En la noche anterior, Geoff Emerick no pudo dormir. "Me imaginaba a los cuatro (incluso al amigable y encantador Paul) acosándome, haciéndome llorar, expulsándome del estudio, sumiéndome en la desgracia y la vergüenza. Estaba aterrado", cuenta en su notable libro de memorias El sonido de los Beatles (2007). Básicamente, el inglés estaba en las horas previas a la jornada que cambiaría para siempre su existencia: el día en que empezó a trabajar como ingeniero de grabación de The Beatles, el miércoles 6 de abril de 1966, cuando apenas tenía 19 años y el conjunto se encontraba en la primera sesión de Revolver, el álbum que inauguraría sus años más brillantes y osados.
Pero esa jornada de mitad de semana no sólo levantaría un antes y un después en la vida de Emerick; también marcaría una fisura en la propia música popular. El arribo del ingeniero al equipo de trabajo encabezado por el productor George Martin, y donde se mantuvo hasta casi su epílogo con el disco Abbey Road (1969), hizo que el cuarteto llevara hasta el estudio sus ideas más audaces e incluyera en sus composiciones una serie de trucos técnicos hasta entonces impensados en el rock, desde formas de procesar la voz hasta usos de instrumentos poco convencionales. Emerick, el hombre que falleció ayer a los 72 años, estuvo ahí, como protagonista y motor de ese minuto cero: el trance justo en que la música pop adquiere esa estatura que la transformó en la forma de arte más representativa e innovadora del siglo XX.

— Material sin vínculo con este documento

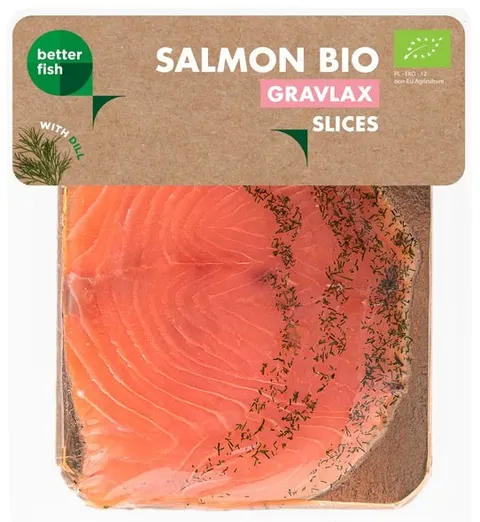 ŁOSOŚ ATLANTYCKI PLASTRY GRAVLAX Z KOPREM BIO 100 g - BETTER FISH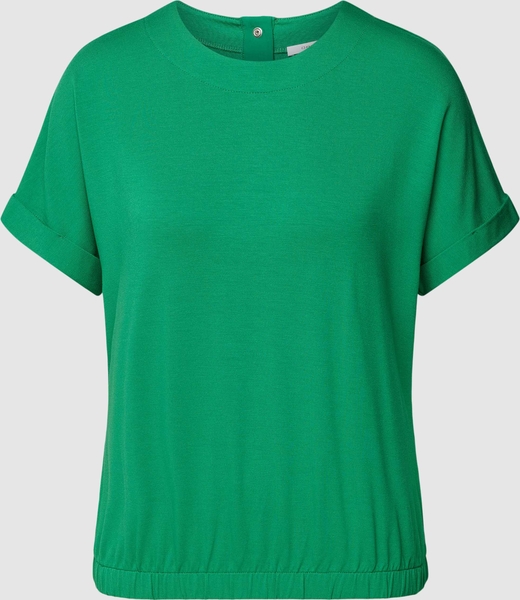 Zielony t-shirt Opus z okrągłym dekoltem z krótkim rękawem w stylu casual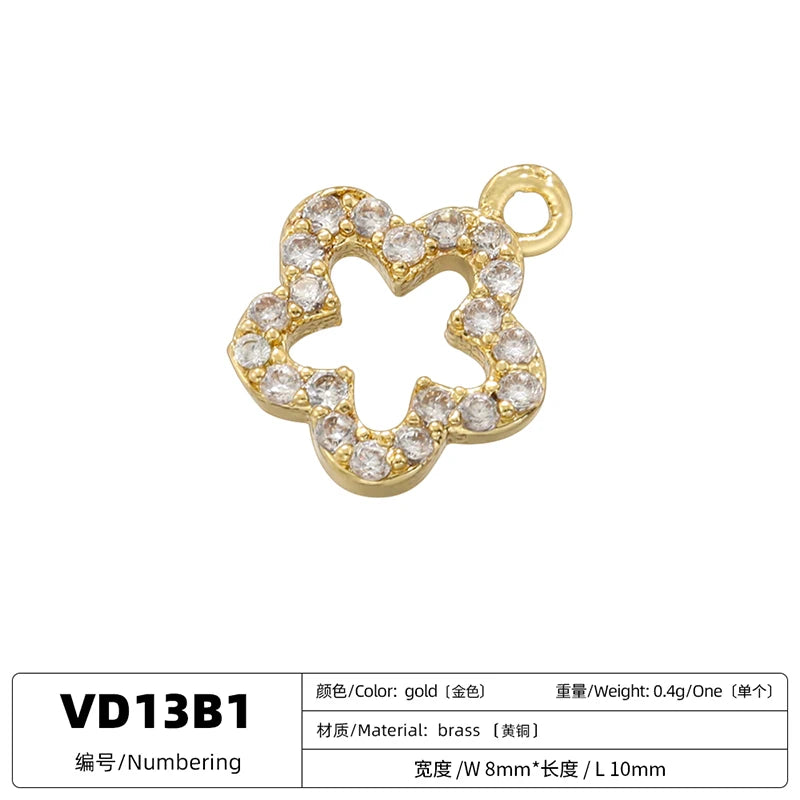 ZHUKOU 2pcs Mini18K Gold-plated Inlaid Zirconia Cute Flower Snowflake Beads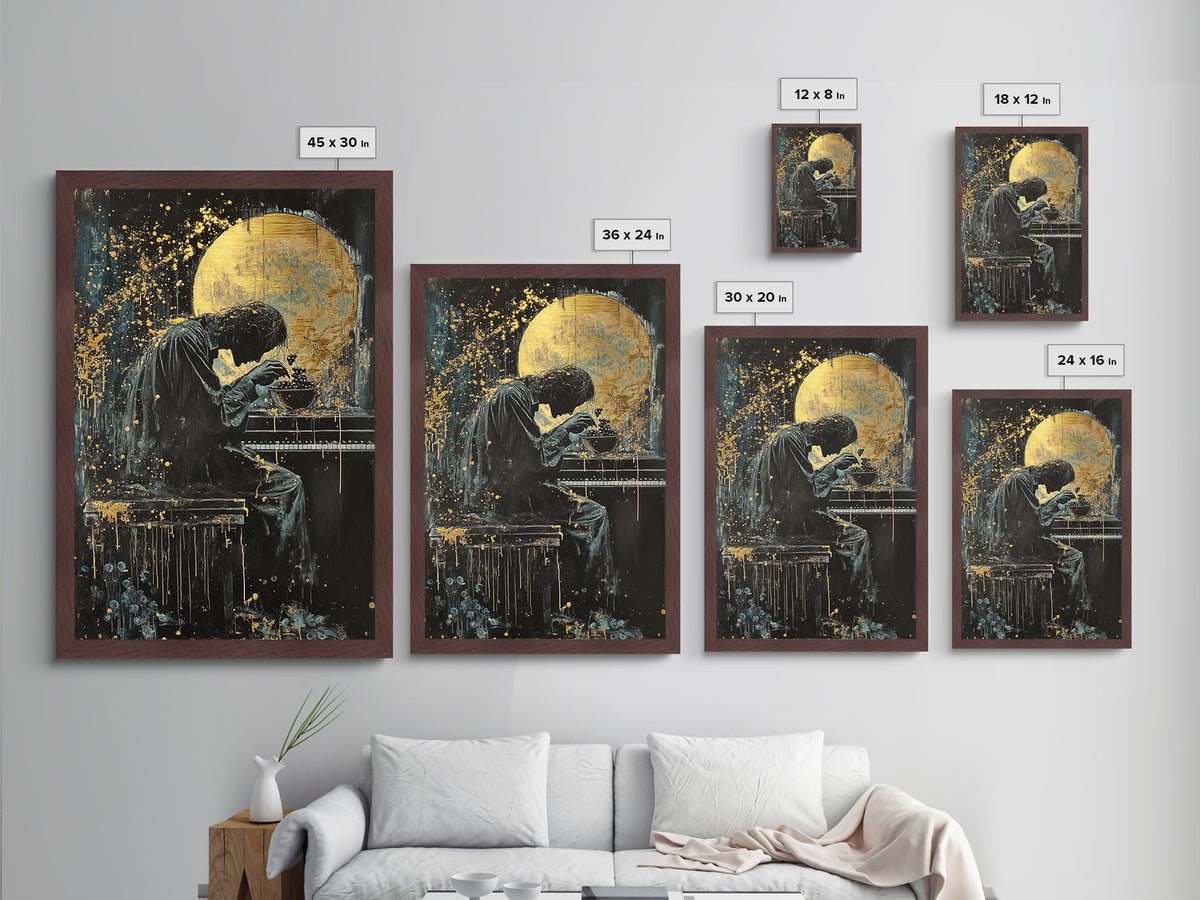 Creepy Pianist Metallic Gold Art, Gothic Moonlight Horror Metal Art Print, Haunted Halloween Wall Decor in real wood frame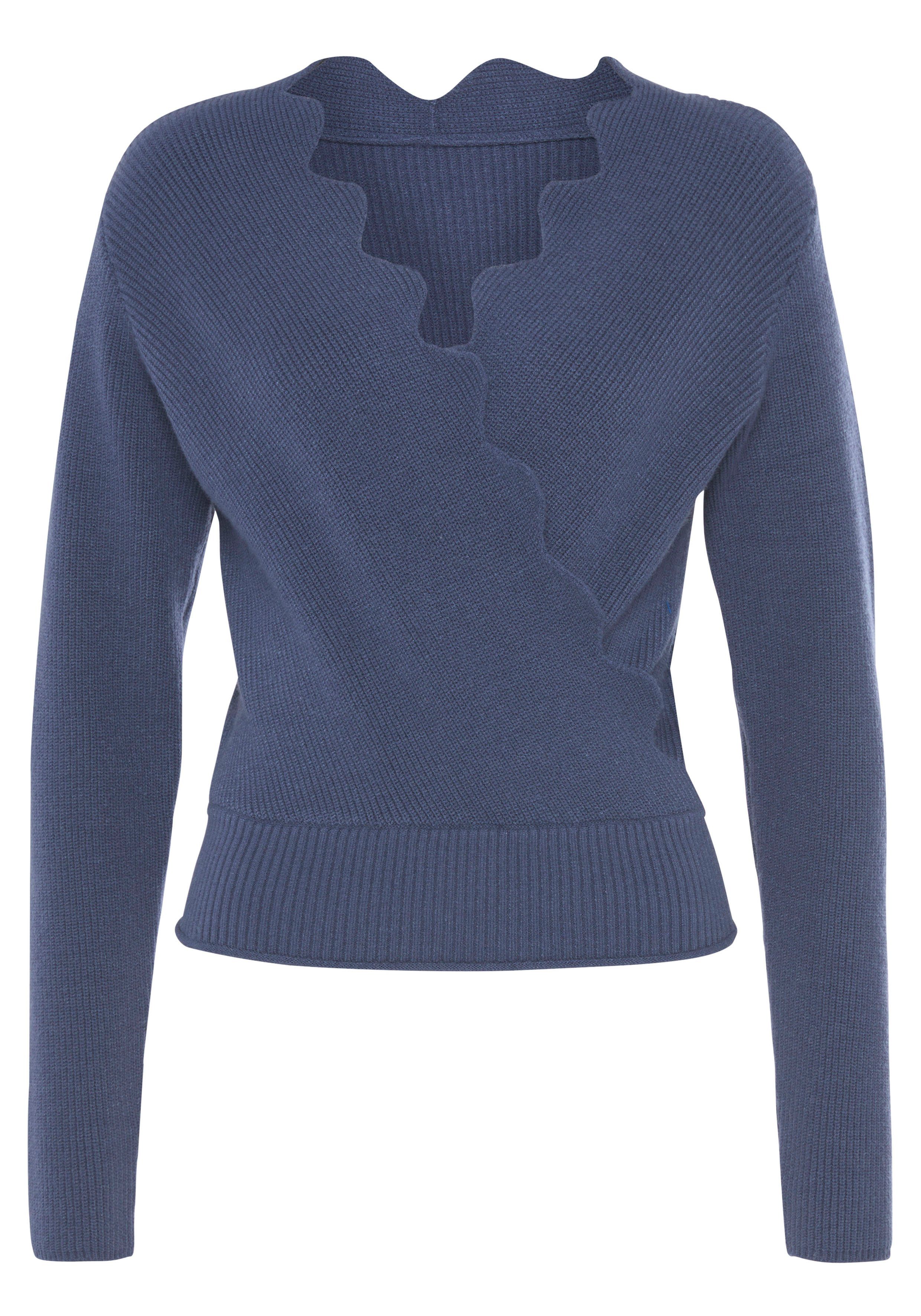 LASCANA Strickpullover mit Wellenkante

Sin mayores rodeos, como si hubiera tenido que empujar rápido ese hito, el primer tema que trabajó junto a la banda fue "Tomorrow never knows", el mismo track de alma vanguardista donde Lennon le pidió que su voz sonara como "el Dalai Lama cantando desde la cumbre de una montaña". Con los años, las solicitudes subirían la complejidad: John le exigió disparates como cantar balanceándose en una cuerda o sonar como si estuviera bajo el agua.
En todas, Emerick se las arregló instalando micrófonos en lugares imposibles, alterando la velocidad de las grabaciones en las cintas y, sobre todo, desafiando el estricto y anticuado manual laboral de los estudios EMI, donde no se permitían mayores cambios estructurales y donde, por ejemplo, todos los ingenieros debían uniformarse usando bata blanca. Aunque, claro, los Beatles, niños mimados de la discografía, tenían ciertas regalías, lo que igual hizo exclamar en algún minuto al fallecido profesional: "por lo difícil de sus grabaciones y por las muchas horas que ocupaban en el estudio, su forma de trabajo se ha vuelto insoportable".
En ese rol, asistió de cerca a la desintegración de la banda que estalló con el Álbum blanco, lo que incluso con los años lo llevó a una sinceridad brutal, sin indulgencias. Siempre dijo que George Harrison le daba poca confianza –tuvieron escasa química desde un principio- y que efectivamente la presencia de Yoko Ono, muchas veces instalada en una cama mientras grababan, fue clave para el quiebre final. Cuando lo echaron de Abbey Road, su lamento fue igual de lapidario: "no nos dieron ni las gracias por haber participado en los discos más revolucionarios y exitosos del siglo XX".
Siguió trabajando con McCartney en los 70, además de Elvis Costello, Supertramp y Cheap Trick. Pero siempre bajo la sombra de su protagonismo en el círculo Beatle. Ese grupo de actores secundarios que -junto a su partida y otras más recientes, como las de Billy Preston y George Martin-, lentamente empieza a esfumarse.